Maßnahmen gegen Links

Dass der bürgerliche Staat in der aktuellen Situation überhaupt gezwungen ist, mit verschärften Zwangsmaßnahmen auf den Aufstieg einer offen rechtsextremen Partei mit millionenfacher Wählerbasis zu reagieren, offenbart weniger seine Stärke als vielmehr eine tiefe strukturelle Krise. Die autoritäre Wende, die sich dabei abzeichnet, ist Ausdruck einer bonapartistischen Tendenz: Der Staat präsentiert sich zunehmend als über den Klassen stehende Instanz, die angeblich im Namen des „allgemeinen Wohls“ und der „freiheitlich-demokratischen Grundordnung“ handelt, dabei aber vor allem repressiv eingreift, um die bestehende Ordnung gegen jede Form gesellschaftlicher Infragestellung zu sichern.
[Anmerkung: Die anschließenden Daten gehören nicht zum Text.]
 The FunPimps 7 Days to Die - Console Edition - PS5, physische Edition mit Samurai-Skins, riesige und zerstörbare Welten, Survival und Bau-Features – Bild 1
Diese Entwicklung darf jedoch nicht als bloße Abwehr rechter Gefahr missverstanden werden. Der Rückgriff auf Institutionen wie den Verfassungsschutz, historisch gewachsen als reaktionäres Bollwerk gegen alles, was die herrschenden Ordnung gefährdet,  zeigt: Die Mittel, die heute gegen Rechts eingesetzt werden, sind morgen schon gegen links gerichtet. So war es schon seit der Entstehung des Verfassungsschutzes: Nach dem Verbot der SRP, die als Nachfolgepartei der NSDAP fungierte, Anfang der 1950er war das nächste Ziel die KPD. Wer also heute applaudiert, wenn staatliche Organe gegen Rechte vorgehen, ohne den Charakter und die Interessen dieses Staatsapparats zu hinterfragen, bereitet den Boden für eine Repression, die sich morgen gegen soziale Bewegungen, Gewerkschaften und Kommunist:innen richten wird. Die Geschichte zeigt, dass der bürgerliche Staat keine neutralen Institutionen kennt, wenn es darum geht, seine Macht zu schützen. 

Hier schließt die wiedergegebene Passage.